» Exercise requirements:
Leave out the pictures and output exactly the lines below from the one with "Prada Long-sleeved Leather Jacket In Black" down to the one with "Youth Denver Nuggets", both of them included.

--- The data Enclosed Below ---

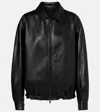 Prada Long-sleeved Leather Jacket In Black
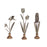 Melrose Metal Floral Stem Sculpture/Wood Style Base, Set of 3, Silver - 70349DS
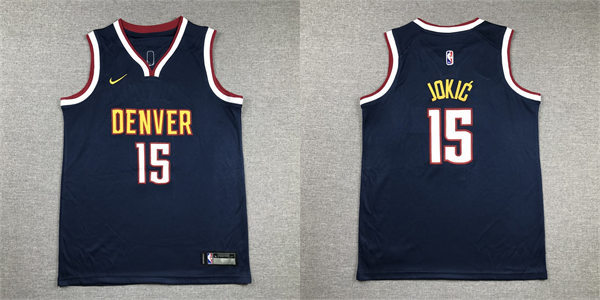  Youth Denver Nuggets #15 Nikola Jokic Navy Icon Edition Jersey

--- End of Enclosed The data ---
--- The data Enclosed Below ---

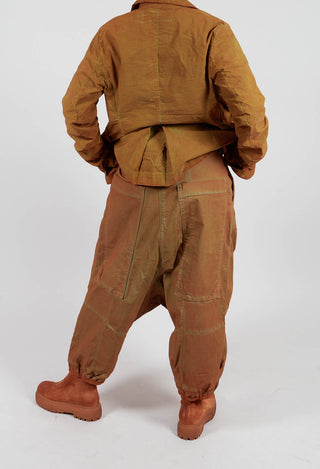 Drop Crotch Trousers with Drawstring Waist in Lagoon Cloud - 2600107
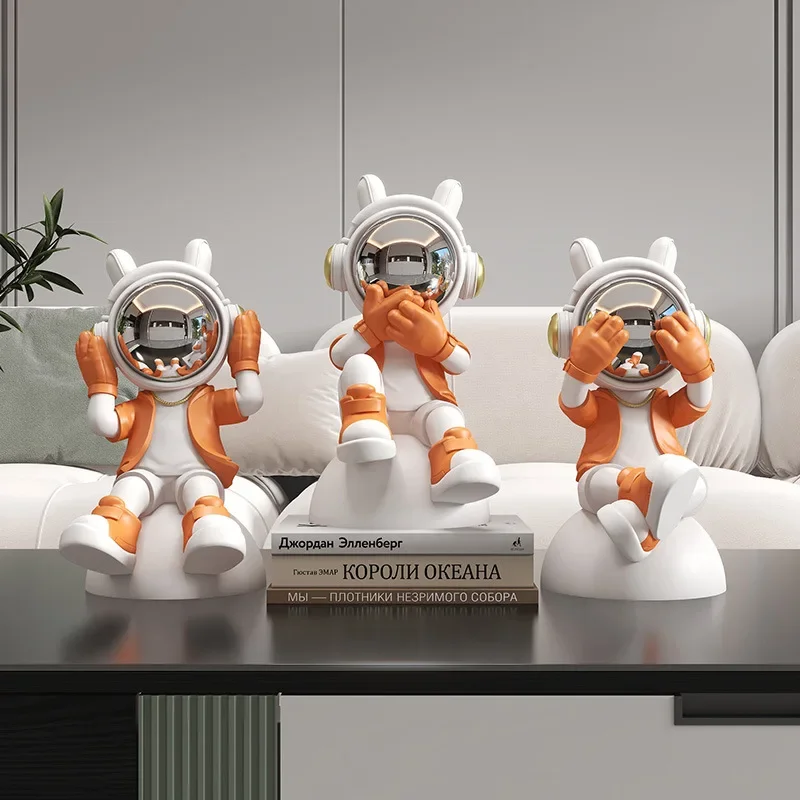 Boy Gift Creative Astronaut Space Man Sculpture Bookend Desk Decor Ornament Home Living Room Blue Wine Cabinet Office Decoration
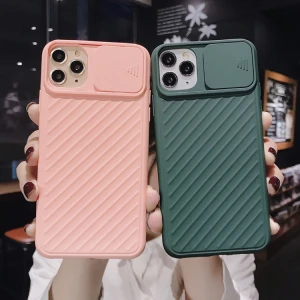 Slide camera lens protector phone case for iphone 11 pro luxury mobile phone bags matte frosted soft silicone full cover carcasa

--- End of Enclosed The data ---
--- The data Enclosed Below ---

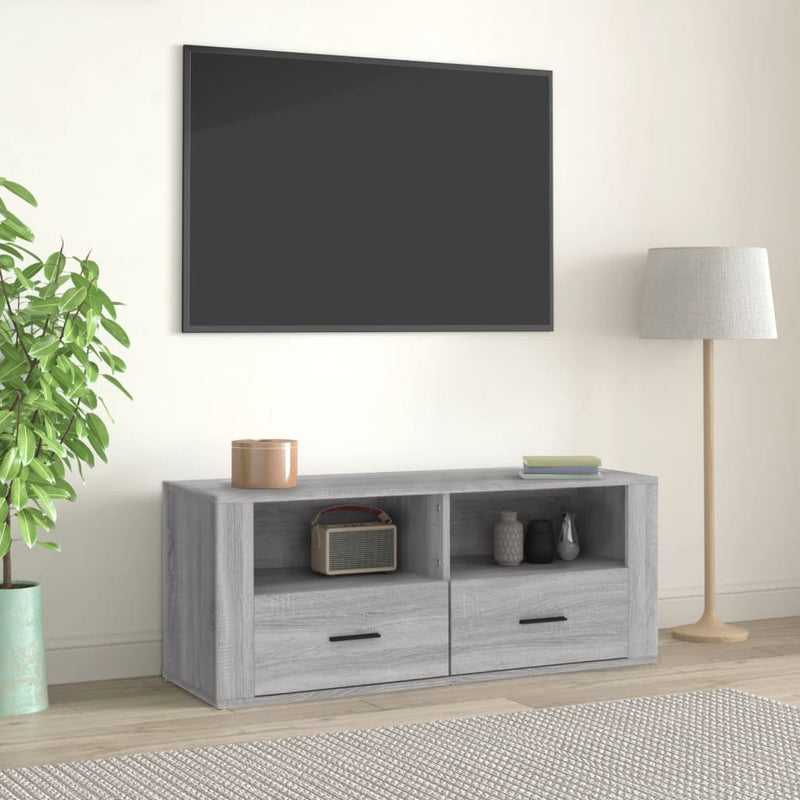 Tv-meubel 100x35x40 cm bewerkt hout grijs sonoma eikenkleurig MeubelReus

--- End of Enclosed The data ---

» Finished task:
 Prada Long-sleeved Leather Jacket In Black
 Melrose Metal Floral Stem Sculpture/Wood Style Base, Set of 3, Silver - 70349DS
  Youth Denver Nuggets #15 Nikola Jokic Navy Icon Edition Jersey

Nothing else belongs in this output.